The All-In crew hosts Keith Rabois for a wide-ranging discussion spanning his return to Khosla Ventures, the Trump administration’s emerging economic team, and the role of real business operators in government. They dive deep into Google’s new Willow quantum chip, its implications for cryptography and crypto, and contrast Google’s long-horizon R&D with Apple’s increasingly chaotic product execution and AI strategy. The panel debates the national security, reciprocity, and data-privacy stakes around TikTok as a January divest-or-ban deadline looms, and explores how tariffs, immigration policy, and industrial strategy may reshape the U.S. economy under a new Republican administration. They close with the state of venture capital, why Stripe hasn’t gone public, crypto’s speculation-heavy use case, and how public markets and M&A are slowly reopening post-2021 bubble.

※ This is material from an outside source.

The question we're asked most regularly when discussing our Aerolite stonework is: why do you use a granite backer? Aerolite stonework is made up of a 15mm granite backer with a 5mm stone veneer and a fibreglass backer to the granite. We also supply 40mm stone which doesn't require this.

For Friedberg and Chamath: given the Willow chip’s current error rates and architectural constraints, what concrete milestones (qubit count, error thresholds, interconnect advances) should CISOs and protocol designers watch to time a serious migration to post-quantum crypto?

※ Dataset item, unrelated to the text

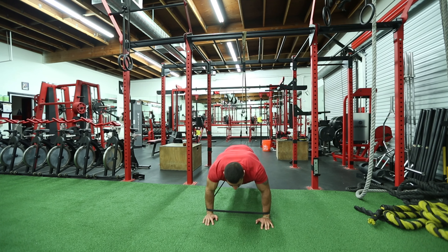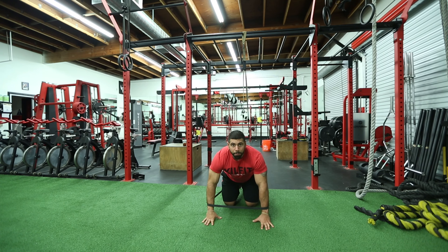The concentric focus is the actual extension of the core, while maintaining a push up hold with the TRX suspension trainer.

Keith, you were blunt that Apple has lost its ‘taste’ without adopting data-driven UX scaffolding—if you were advising Tim Cook, what organizational changes or metrics framework would you implement in the next 12 months to reverse the iOS quality slide?

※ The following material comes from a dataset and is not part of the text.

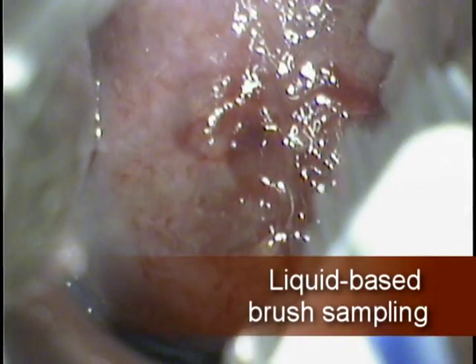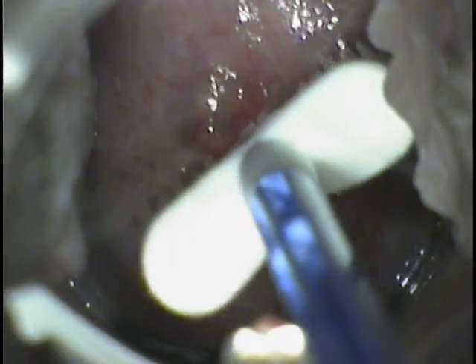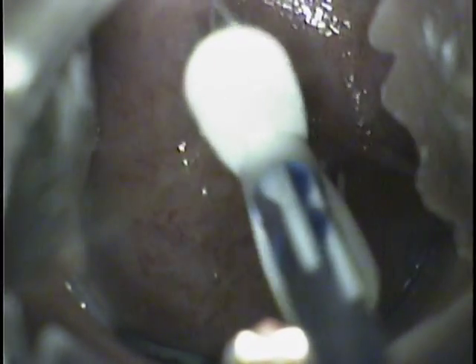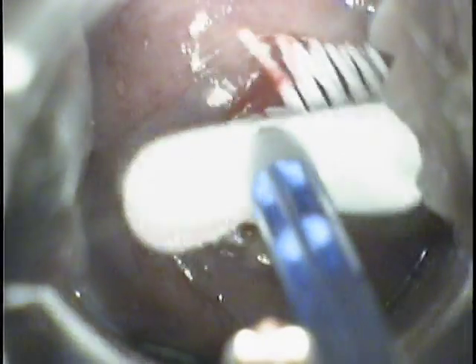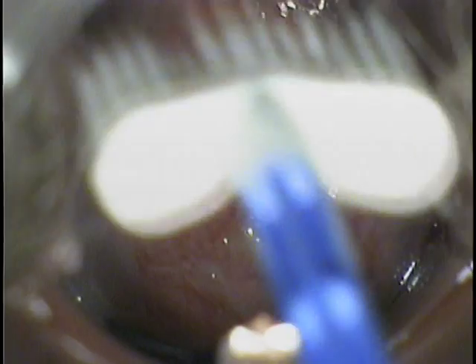Commonly use the broom-shaped Pap device with the wet prep and HPV sampling. Place the point of the broom within the os and rotate the brush five times to obtain a sample. Remove the tip of the brush and place it within the wet prep container. Send this sample for both cytology and HPV typing as indicated.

On TikTok, you pointed to classified briefings that triggered overwhelming bipartisan votes—short of revealing secrets, what verifiable public indicators (e.g., code audits, data-access logs, CCP governance rights) would you consider sufficient to *not* treat TikTok as a national-security threat?
Rabois compared Bitcoin’s network to Facebook’s social graph; if you had to fund one startup today that uses Bitcoin or another major chain for non-speculative utility, what exact problem space (e.g., cross-border settlement, identity, machine-to-machine payments) do you think has the best odds of break-out success over the next five years?